Werner Vach^{1}, Maren Eckert^{2}^{1}Basel Academy for Quality and Research in Medicine, Switzerland; ^{2}Institute of Medical Biometry and Statistics, University of Freiburg, Germany

The analysis of diagnostic accuracy can be often seen as a two-dimensional estimation problem. The interest is in pairs such as sensitivity and specificity, positive and negative predictive value, or positive and negative likelihood ratio. In visualizing the joint uncertainty in the two-parameter estimate, confidence regions are an obvious choice.

However, Eckert and Vach (2020) recently pointed out, that this a suboptimal approach. Two-dimensional confidence regions support the post-hoc testing of point hypotheses, whereas the evaluation of diagnostic accuracy is related to testing hypotheses on linear combination of parameters (Vach et al. 2012). Consequently, Eckert and Vach suggest the use of comparison regions, supporting such post-hoc tests.

In this poster we illustrate the use of comparison regions in visualizing uncertainty using the results of a published paired diagnostic accuracy study (Ng et al 2008) and contrast it with the use of confidence regions. Both LR-test based and Wald-test based regions are considered. The regions are supplemented by (reference) lines that allow judging possible statements about certain weighted averages of the parameters of interest. We consider the change in sensitivity and specificity as well as the change in the relative frequency of true positive and false positive test results. As the prevalence of the disease state of interest is low in this study, the two approaches give very different results.

Finally, we give some recommendation on the use of comparison regions in analysing diagnostic accuracy studies.

References:

Eckert M, Vach W. On the use of comparison regions in visualizing stochastic uncertaint in some two‐parameter estimation problems. Biometrical Journal. 2020; 62: 598–609.

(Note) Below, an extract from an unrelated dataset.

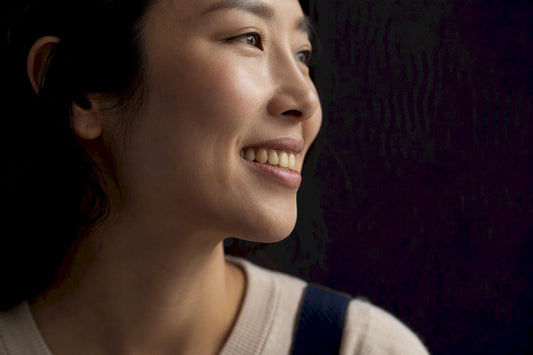 Adult showing naturally warm-toned healthy smile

Vach W, Gerke O, Høilund-Carlsen PF. Three principles to define the success of a diagnostic study could be identified. J Clin Epidemiol. 2012; 65:293-300.

Ng SH, Chan SC, Liao CT, Chang JT, Ko SF, Wang HM, Chin SC, Lin CY, Huang SF, Yen TC. Distant metastases and synchronous second primary tumors in patients with newly diagnosed oropharyngeal and hypopharyngeal carcinomas: evaluation of (18)F-FDG PET and extended-field multi-detector row CT. Neuroradiology 2008; 50:969-79.